Photo of Salado Creek, near the Oakwell Trailhead

Salado Creek, an urban oasis just off of N.E. Loop 410

Sometimes it just feels nice to get out of the city. For those who are short on time or cash, you don’t have to travel far to commune with nature. From downtown San Antonio, just hop on the number 14 VIA bus and ask the driver to please let you off on Austin Highway nearest the Ira Lee/Salado Creek intersection.

Thanks to the generosity of Robert L.B. Tobin, a San Antonio native who passed away in 2000, the citizens of this fair city and its visitors may enjoy the land and the creek that he grew up on. This stretch of the Salado Creek Greenway goes from Loop 410, between Harry Wurzbach and Starcrest, to the Oakwell Trailhead on Ira Lee, just off of Austin Highway and not too far from Eisenhauer Road. The trail markers report that it’s 1.5 miles from one end to the other, which means it’s 3 miles round trip.

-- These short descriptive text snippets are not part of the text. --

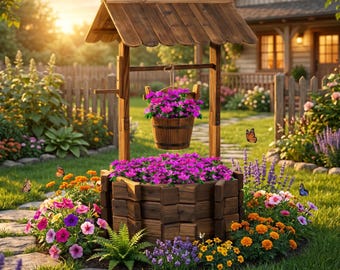 Rustic Wooden Wishing Well Planter for Patio & Garden, Outdoor Flower Pot Decor with Hanging Bucket, Farmhouse Yard Accent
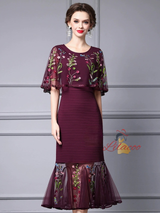 Black Lace Embroidery Mother of the Bride Dress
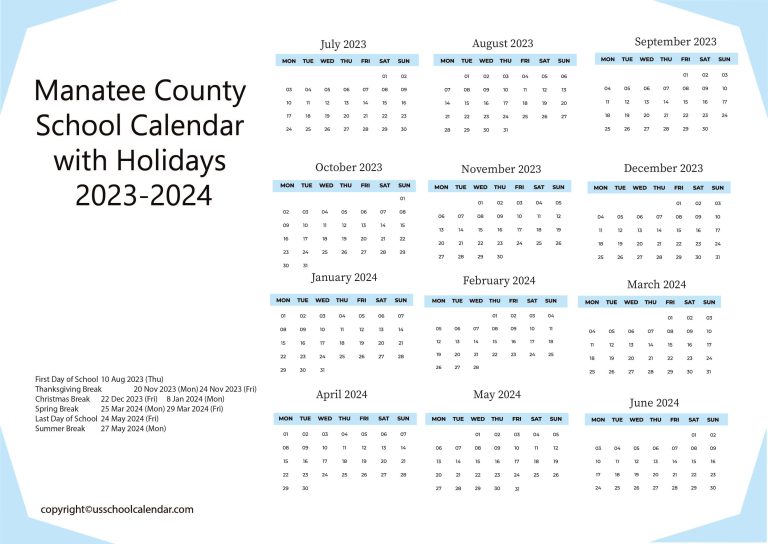 Manatee County School Calendar with Holidays 20232024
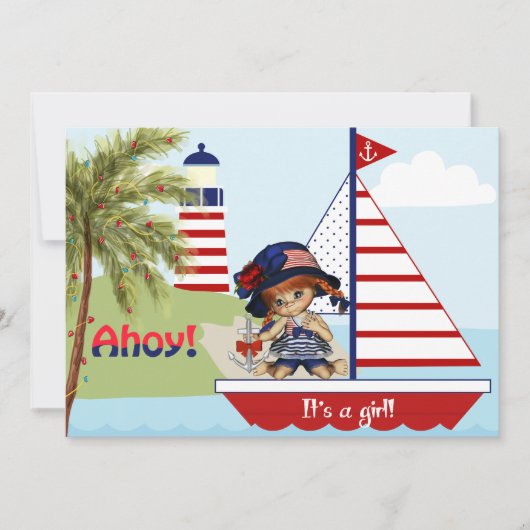 Nautical Baby shower Invitation for Girl Kaart (Voorkant)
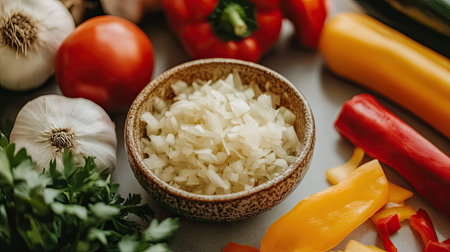 A close-up of finely chopped raw onions in a small ceramic bowl, placed beside various colorful vegetables on a kitchen counter.の素材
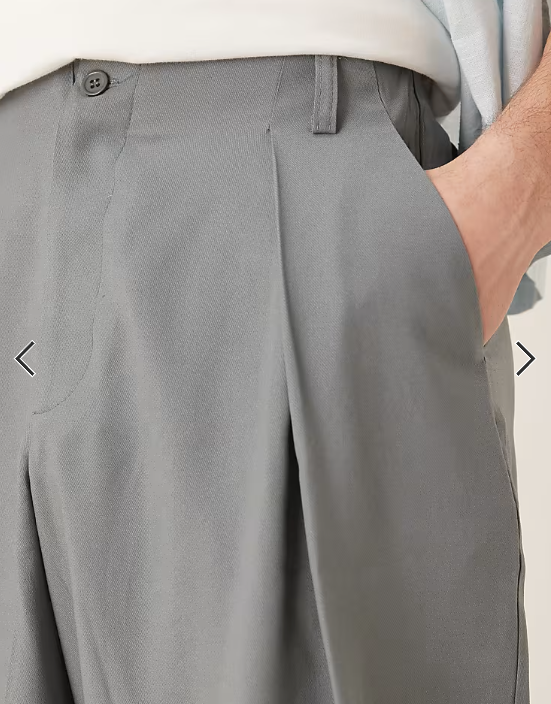 ASOS DESIGN wide leg smart trousers with pleat detail in grey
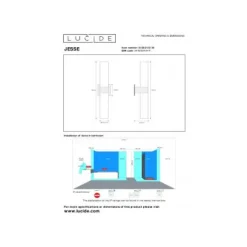 Lucide JESSE - Wandlamp Badkamer - 2xG9 - IP44 - Zwart Discount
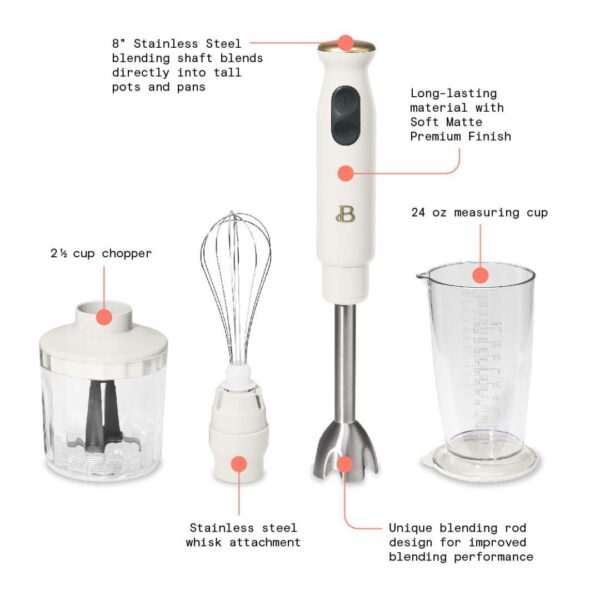 Beautiful Immersion Blender with 500ml Chopper and 700ml Measuring Cup White Icing by Drew Barrymore - Image 2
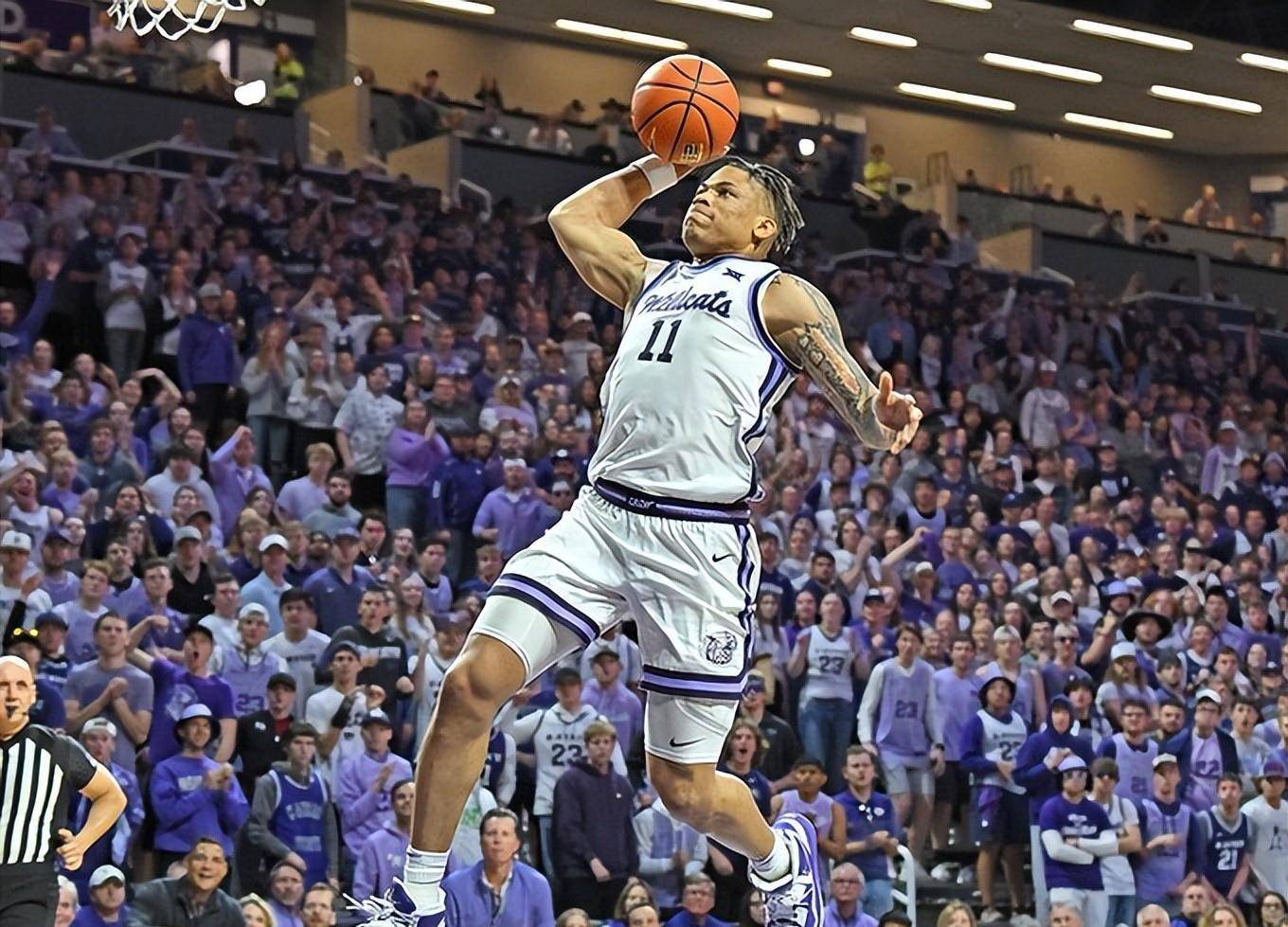 ncaa堪萨斯州立前锋基扬泰-约翰逊宣布参加2023年nba选秀_johnson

Photo of the signage that explains Robert L.B. Tobin's history.

Robert L.B. Tobin (click photo to enlarge)

According to the signage (click on photo to enlarge) at the Loop 410 entrance, Tobin approved the plans for this park, which is a piece of the Linear Park Development Program for Salado Creek, Leon Creek, the Medina River and the San Antonio River, before his death. The park looks and feels different during every season, so give it a whirl at various times of the year.

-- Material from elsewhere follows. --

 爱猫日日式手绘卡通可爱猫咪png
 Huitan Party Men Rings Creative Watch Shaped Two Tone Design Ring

The City of San Antonio’s Parks and Recreation Department oversees the Robert L.B. Tobin Park, which is open from sunrise to sunset. My husband and I enjoy walking our dogs along this beautiful stretch of land, but you’ll also find bicyclists and joggers taking advantage of the well-maintained asphalt trail. It seems like the park would be a good spot for inline skaters, as well, though I haven’t seen any.

Photo of a cyclist along the Salado Creek Greenway.

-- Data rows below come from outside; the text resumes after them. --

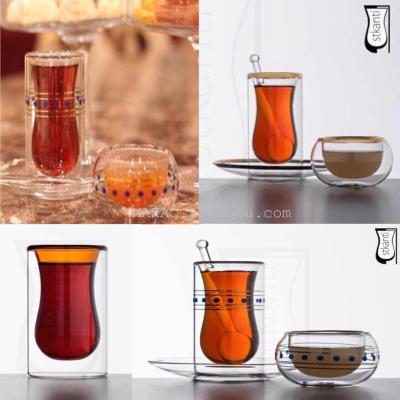 White transparent color round straight hand-made glass double layer cup moon cup coffee cup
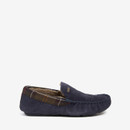 Side profile of Barbour Monty navy suede moccasin slippers with tartan heel detail
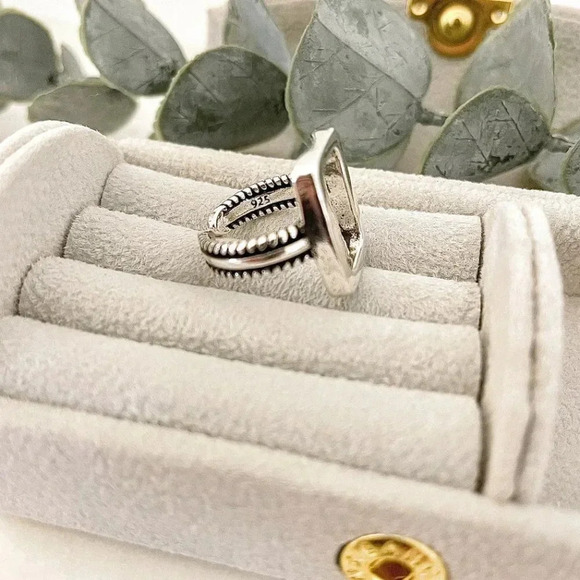 925 Sterling Silver Chunky Ring Rectangle Geometric Minimalist Ring - Picture 6 of 6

Asphalt trail makes for easy riding!

Besides getting in a work out, visitors will be able to enjoy nature up close: the sounds of white-eyed vireos and cicadas, a variety of native plants and wildflowers, burnt orange Monarch butterflies, evasive lizards, acrobatic squirrels and more! My husband and I once saw a barred owl during the middle of the day, which is quite unusual since owls are nocturnal. The owl was sitting in one of the park’s huge heritage oak trees, hooting to his mate.

Photo of a huge Live Oak tree on the Salado Park Greenway.

Look up to spot owls!

The park also offers benches for weary patrons to catch their breath and soak up the surrounding wildlife. It’s best to bring your own water. The Loop 410 entrance has a water fountain, but the Oakwell entrance does not.

Photo of a bench along the Salado Greenway.

Weary park patrons may catch their breath at benches along the trail.

Finally, if you decide to go off trail to walk or ride closer to the creek, make sure you don’t make friends with poison ivy. You want the memory of your Salado Creek Greenway experience to be a positive one, don’t you?

Photo of Poison Ivy.

Leaves of three, leave them be! (Click to enlarge. Note the reddish stem.)